**ACTIVITY:**
Reproduce the lines below exactly, from the one containing "Used 2023 Jeep" through the one containing "Exterior - 2700", both included. Leave out any pictures.

**TASK INPUTS:**
◇ ◇ ◇

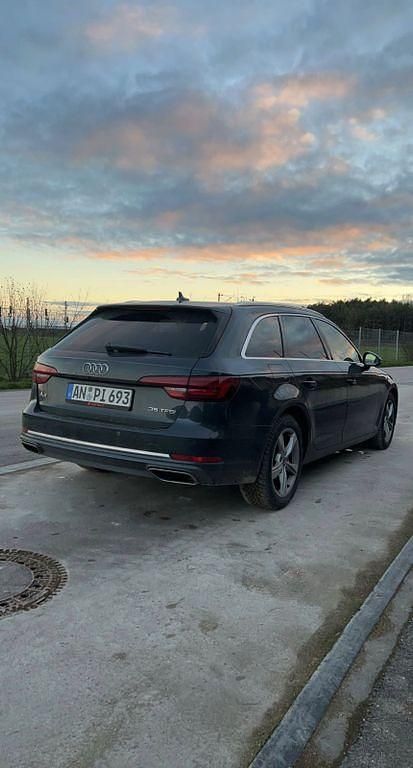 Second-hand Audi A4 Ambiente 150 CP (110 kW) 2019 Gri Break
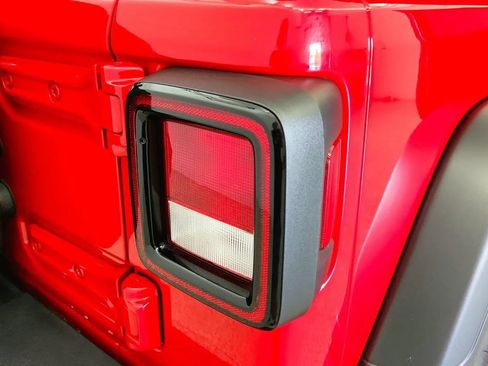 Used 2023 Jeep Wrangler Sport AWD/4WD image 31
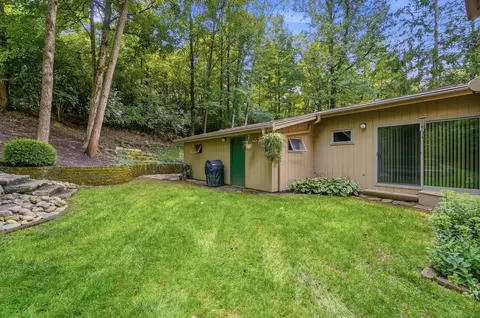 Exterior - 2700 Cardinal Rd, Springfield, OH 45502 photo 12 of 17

◇ ◇ ◇

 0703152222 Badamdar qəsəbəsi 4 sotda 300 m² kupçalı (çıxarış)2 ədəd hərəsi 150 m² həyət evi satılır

◇ ◇ ◇

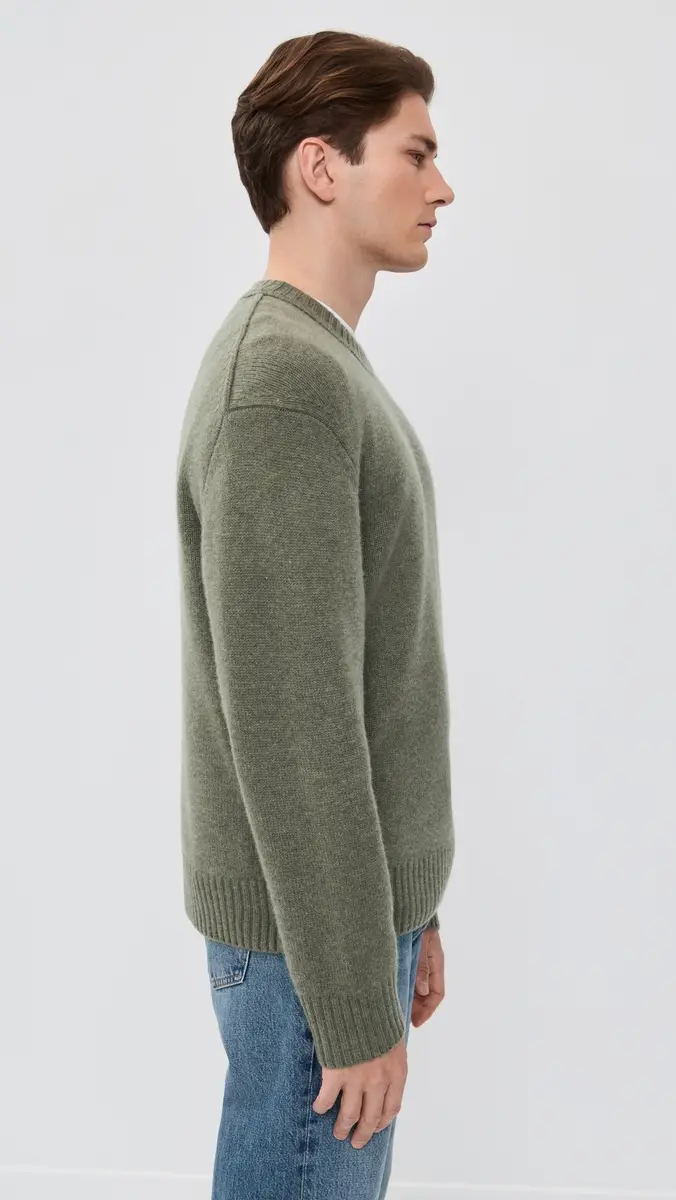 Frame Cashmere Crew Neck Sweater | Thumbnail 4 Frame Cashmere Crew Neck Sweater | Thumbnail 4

◇ ◇ ◇

**ANSWER SECTION:**
 Used 2023 Jeep Wrangler Sport AWD/4WD image 31
 Exterior - 2700 Cardinal Rd, Springfield, OH 45502 photo 12 of 17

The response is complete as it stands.